■ Available records:
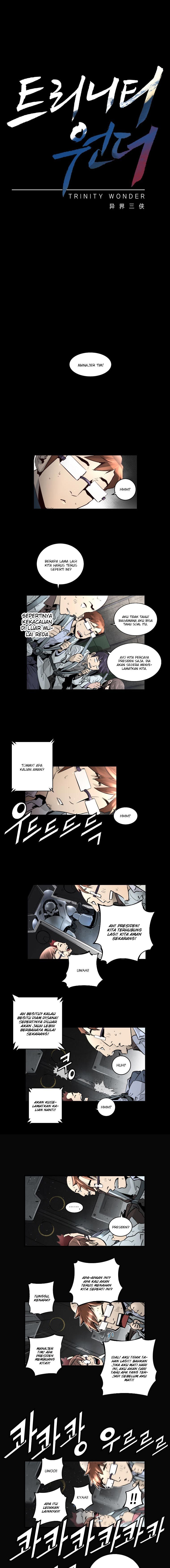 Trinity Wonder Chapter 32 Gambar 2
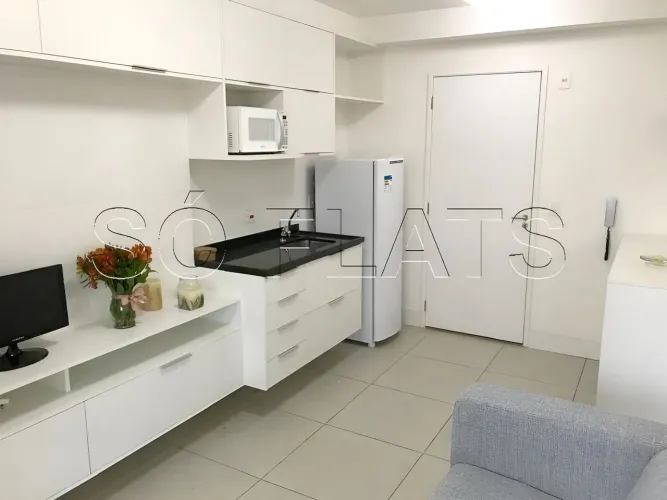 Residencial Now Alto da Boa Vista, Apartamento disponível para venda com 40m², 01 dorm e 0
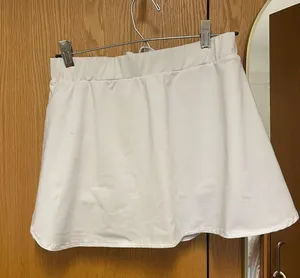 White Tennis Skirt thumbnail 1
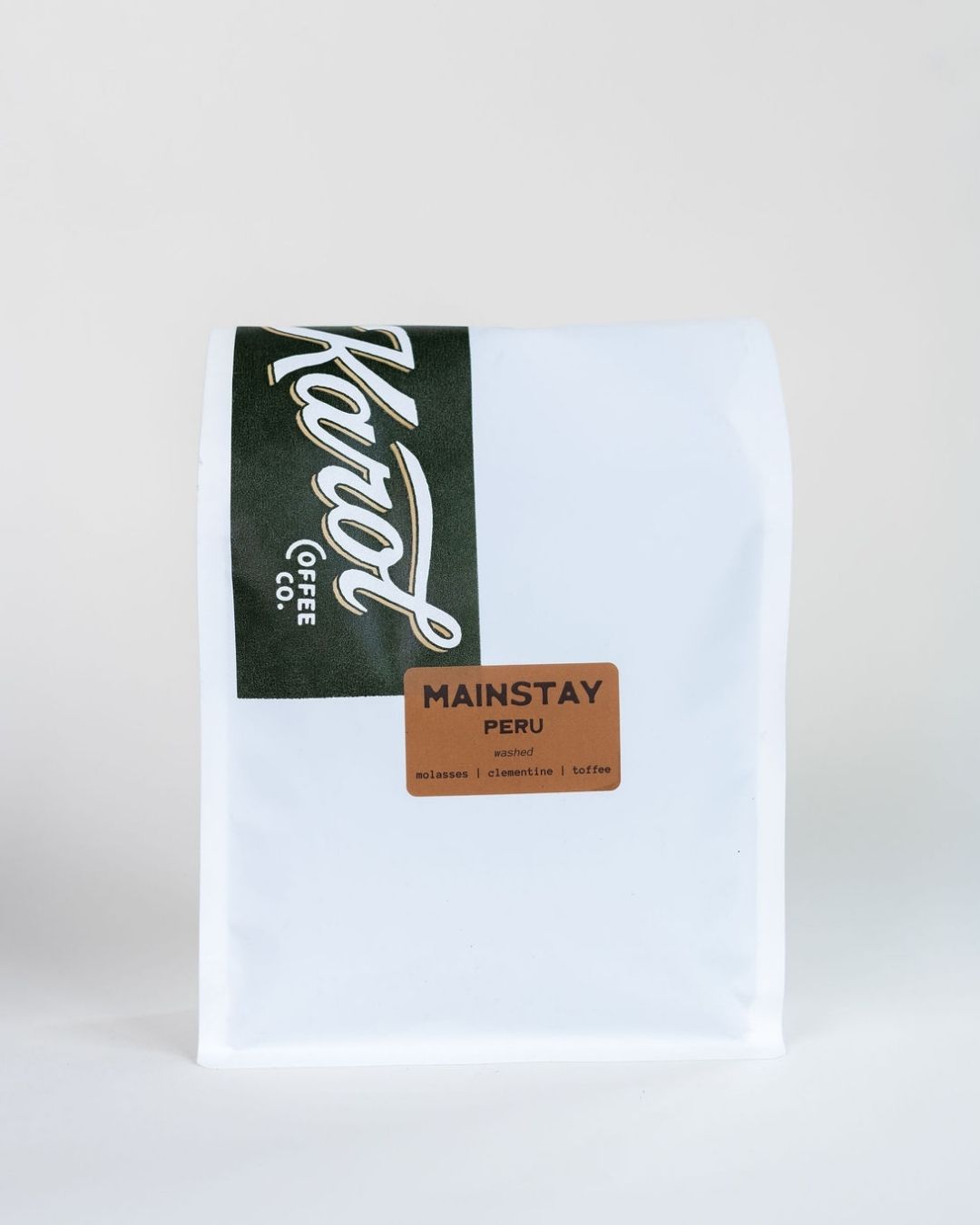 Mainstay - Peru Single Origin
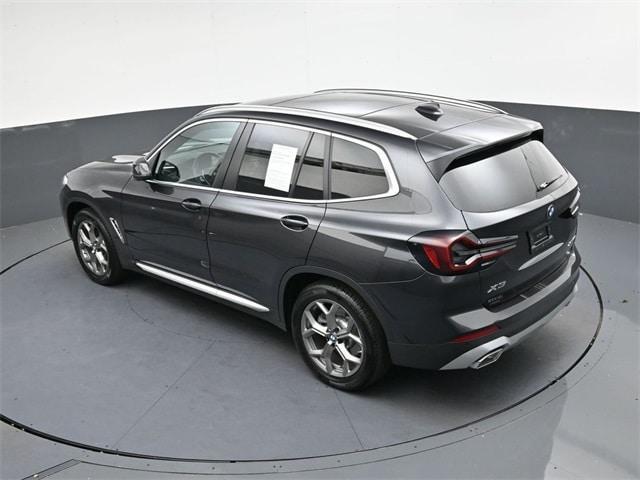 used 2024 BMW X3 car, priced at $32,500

--

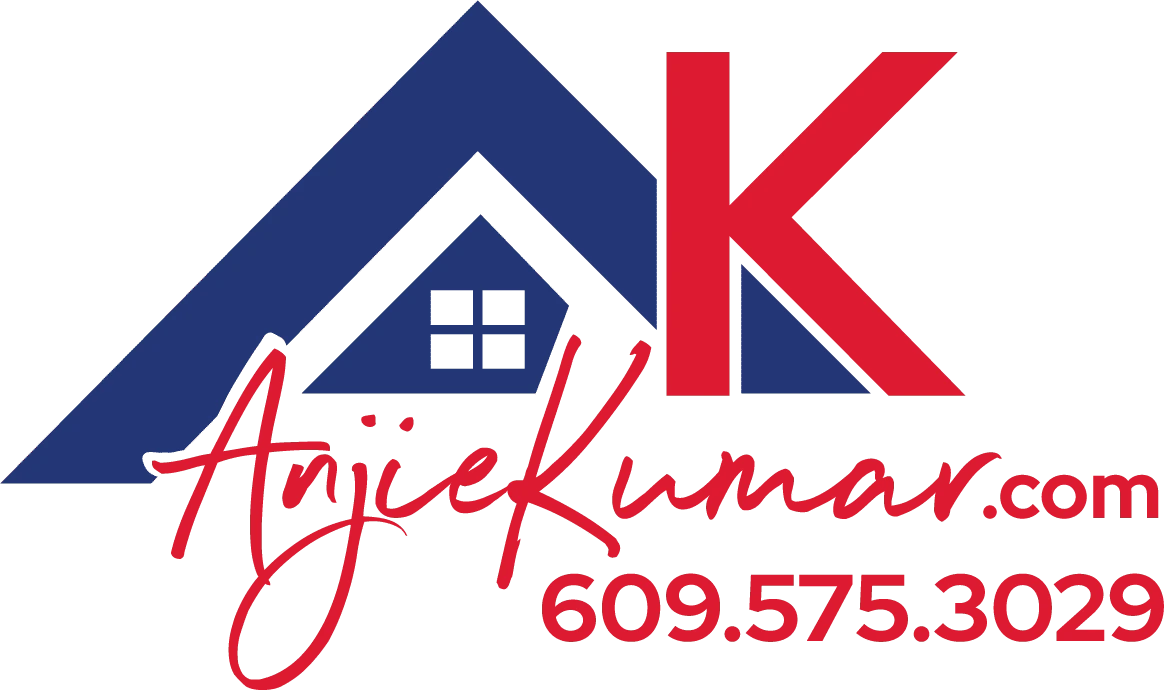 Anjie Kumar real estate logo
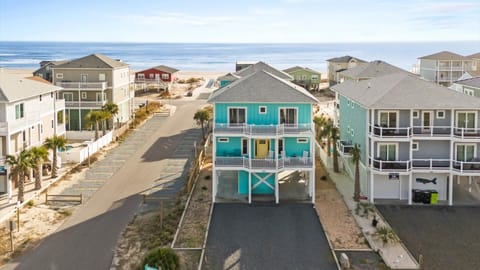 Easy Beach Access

■ Exercise description:
Taking the material above, give again exactly the lines from the one holding "Trinity Wonder Chapter 32 Gambar 2" through the one holding "used 2024 BMW X3 car, priced at $32,500", with both ends and without pictures.

■ Output of the task:
 Trinity Wonder Chapter 32 Gambar 2
 Residencial Now Alto da Boa Vista, Apartamento disponível para venda com 40m², 01 dorm e 0
 White Tennis Skirt thumbnail 1
 Mainstay - Peru Single Origin
 used 2024 BMW X3 car, priced at $32,500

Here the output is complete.